▸ **Exercise directions**
Write out the whole listing exactly; no images belong in it.
(Information provided begins)
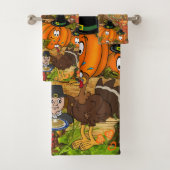 Badetücher Sets zum Erntedanktag (Insitu)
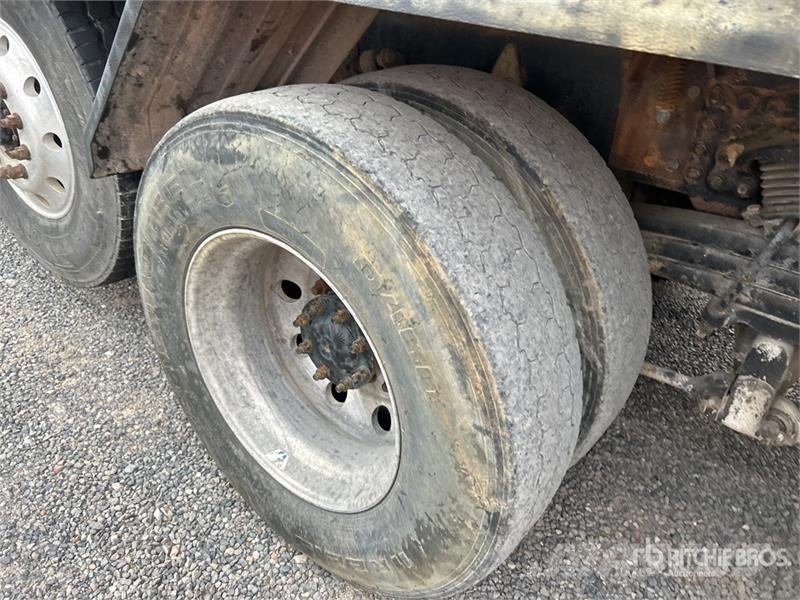 Western Star 4700 8x4 Volumetric Mixer Truck Concrete trucks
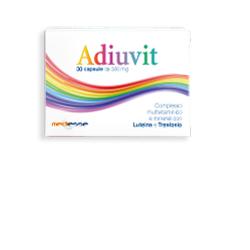 ADIUVIT 20 COMPRESSE - farmaciaverde.it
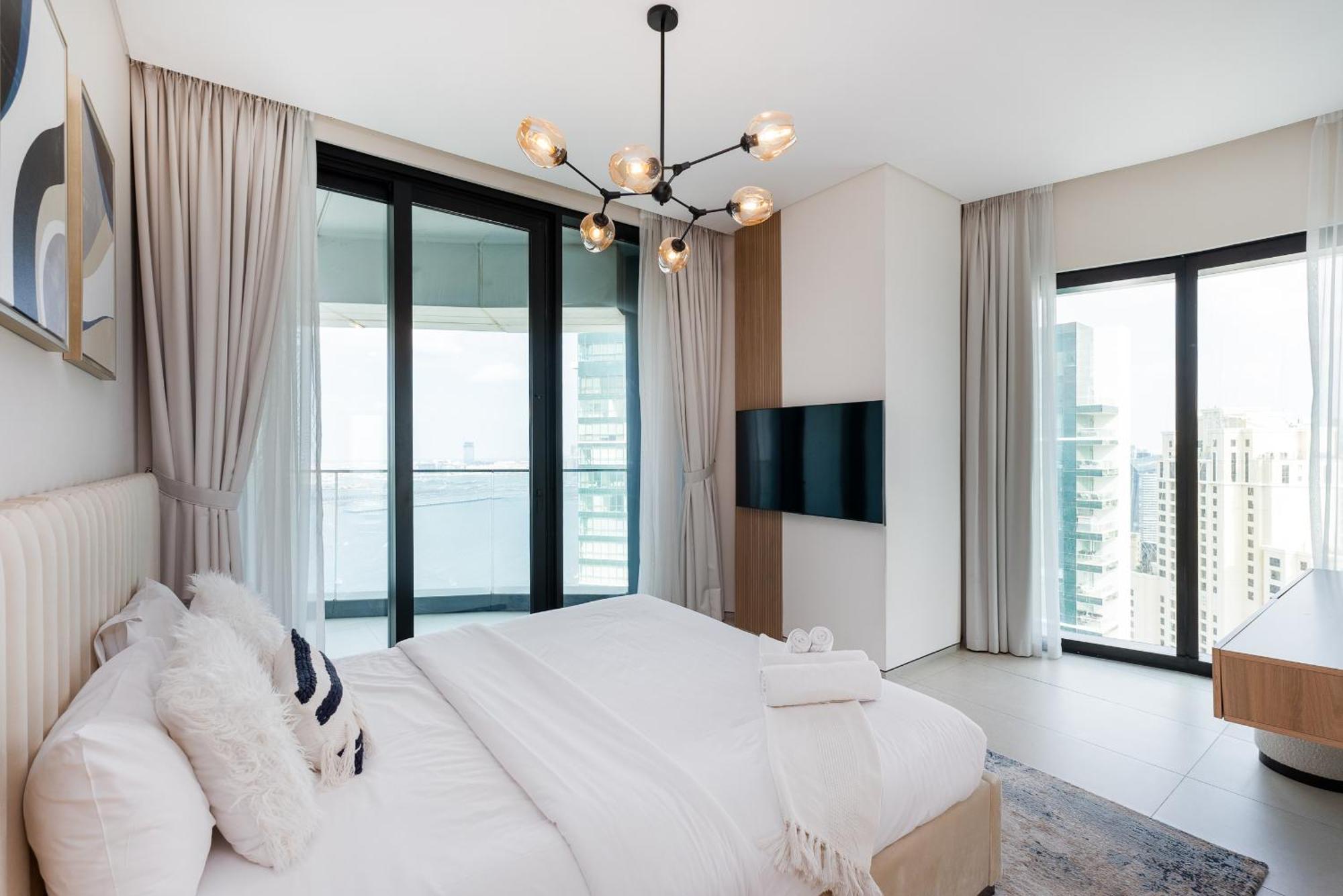 Address Jbr Sea Views, Jumeirah Beach Residence, Dubai Marina - Mint Stay Exterior foto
(Information provided ends)
▸ **Result for this task**
 Badetücher Sets zum Erntedanktag (Insitu)
 Western Star 4700 8x4 Volumetric Mixer Truck Concrete trucks
 ADIUVIT 20 COMPRESSE - farmaciaverde.it
 Address Jbr Sea Views, Jumeirah Beach Residence, Dubai Marina - Mint Stay Exterior foto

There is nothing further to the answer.